= Material provided =
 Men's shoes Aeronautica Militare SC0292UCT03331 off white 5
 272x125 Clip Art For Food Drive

==

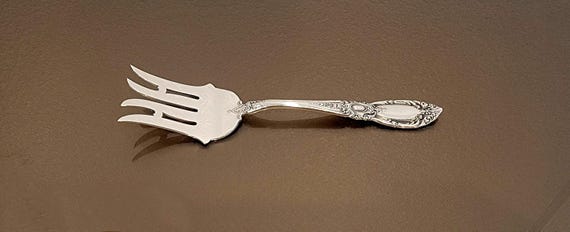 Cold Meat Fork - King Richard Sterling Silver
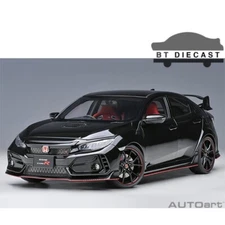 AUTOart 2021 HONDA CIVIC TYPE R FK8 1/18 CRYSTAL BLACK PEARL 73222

---

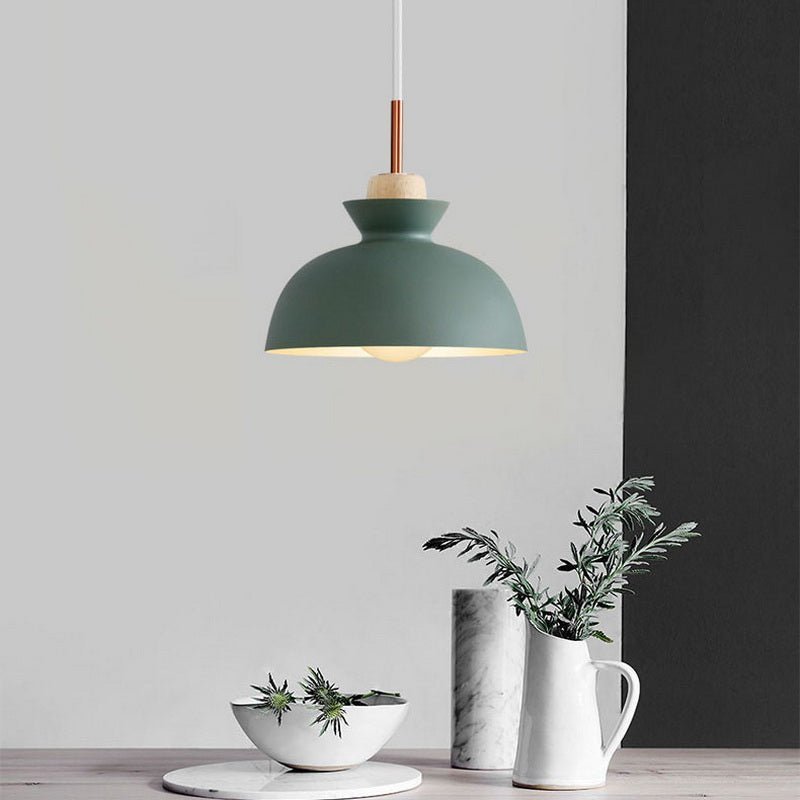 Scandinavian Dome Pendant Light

= About this task =
Pictures in the material above should be skipped; print exactly the lines from the one with "Cold Meat Fork" through the one with "AUTOart 2021 HONDA".

= Exercise answer =
 Cold Meat Fork - King Richard Sterling Silver
 AUTOart 2021 HONDA CIVIC TYPE R FK8 1/18 CRYSTAL BLACK PEARL 73222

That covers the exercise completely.